野球善哉BACK NUMBER
浅村、亀井、枡田、森山……。
チャンスを掴む選手と逃す選手。
text by
氏原英明Hideaki Ujihara
photograph byHideki Sugiyama/NIKKAN SPORTS
posted2011/04/27 13:00
開幕スタメンの勢いを駆ってレギュラーに定着した浅村栄斗(西武・左)とヒットが出ず一軍定着に苦しむ枡田慎太郎(楽天)
出場機会を求め、三塁にコンバートしていた巨人・亀井。
「去年のことは忘れてはいけないと思っていた」
20日の阪神戦で、今季初めてスタメンに抜擢された巨人・亀井義行は、相手先発投手が右のスタンリッジだったということ、また、新外国人のライアルが不調だということが重なりあってのチャンス到来に、気持ちを高めていた。
第2回WBCのメンバーだった亀井は、'09年こそチームの主軸として日本一に貢献したが、昨年は苦しいシーズンを送った。長野久義の加入と高橋由伸の復調が大きな要因で、出場機会が激減したのである。

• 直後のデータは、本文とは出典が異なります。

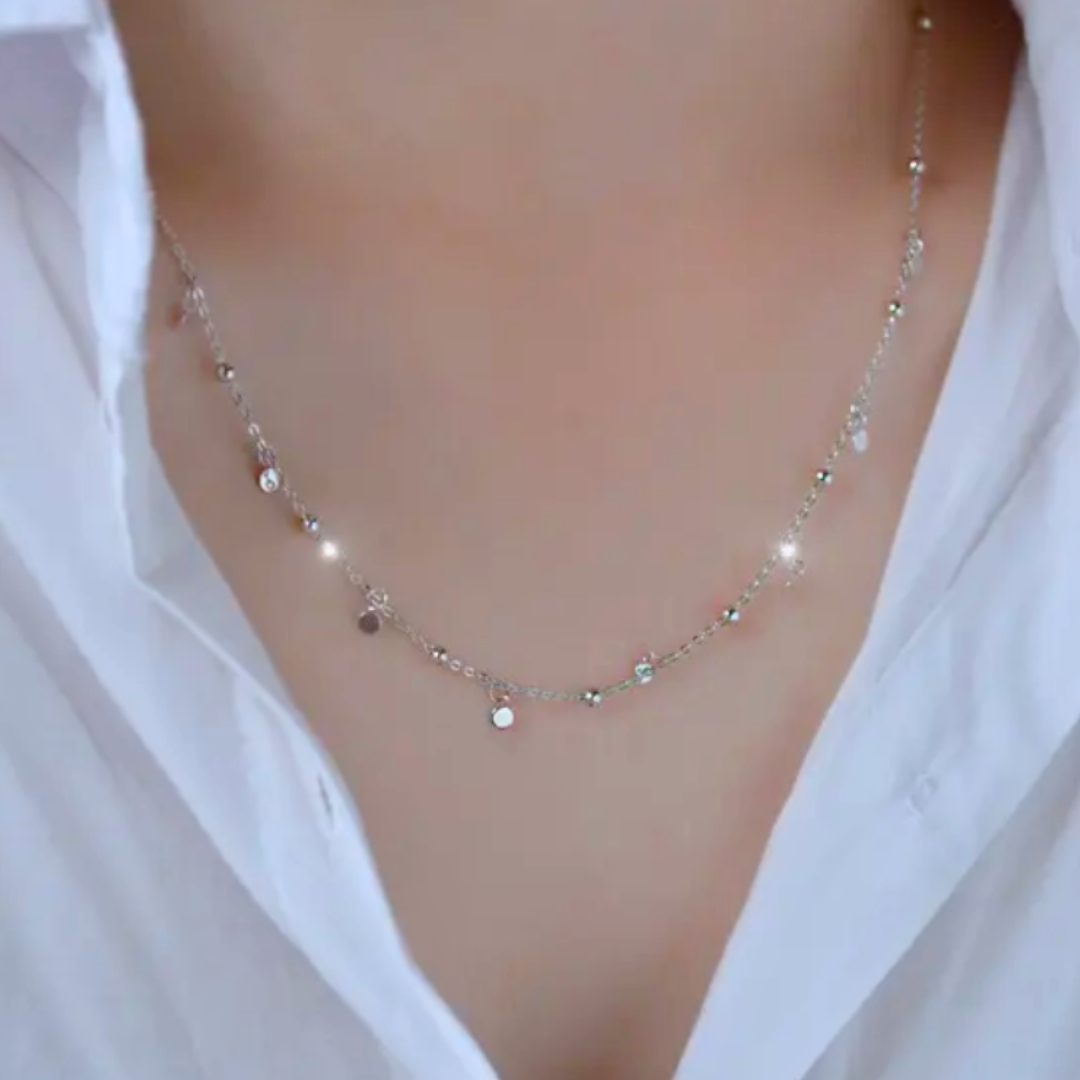 925 STERLING SILVER NECKLACE WITH TASSELS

今季はキャンプから三塁手に挑戦。昨年までの三塁手・小笠原道大が一塁に回っていたことで、出場機会を求め、三塁にコンバートした。だが、原監督は開幕から助っ人のライアルを重宝し、亀井の出番はそう多くなかった。
初スタメンの試合では、4打席すべてで得点圏に走者がいる幸運。
しかし、野球の神様は亀井に“親切”だった。
初スタメンのこの機会、亀井に大きなチャンスを与えたのだ。4打席すべてが得点圏に走者を置いての打席だったのである。結果が求められている中で、これは強運と言うほかない。亀井はきっちり仕事を果たし、4打数2安打3打点の活躍で勝利に貢献した。
「前の打者が常にチャンスで回してくれていたので、チームに貢献したいと思っていた」と亀井。与えられた出場機会に、大きなチャンスが巡り、結果を残したのだ。まだレギュラーを奪還したわけではないが、彼には強い風が吹いている。
松井、岩村の不振で楽天・枡田に与えられたチャンス。
「せっかくチャンスをもらっとんのに、2三振ってなぁ。ここで活躍すれば、レギュラーを取れるのに……頑張らなアカン」
渋い表情で語ったのは楽天のチーフスカウト吹石徳一である。
吹石が指していたのは、自身が担当し'05年の高校生ドラフト4巡目で指名した枡田慎太郎についてである。我が子のように担当した選手を見守る吹石は、指名選手たちのその後が、気が気でない。
6年目となる枡田は、2年目から首脳陣の期待を一身に受けていた。2年目の終盤に一軍昇格を果たし、Kスタのお立ち台にも上がったことがある。だが言いかえれば、それでもレギュラーを奪えていないのは、たびたびの抜擢に見合うだけの成績を枡田がその都度残せていないからだ。さらに、今季は元メジャーリーガーの松井稼頭央が加入し、枡田がレギュラーを獲得する可能性はゼロに近いといえた。
ところが、松井と同じくメジャー帰りの岩村のバットが湿ったことと、さらに、二塁を守る高須の年齢を考慮しなくてはならなくなったことで、その次を担う若手の台頭が不可欠ということになった。星野監督は17日のオリックス戦に、枡田をスタメン起用し、チャンスを与えたのである。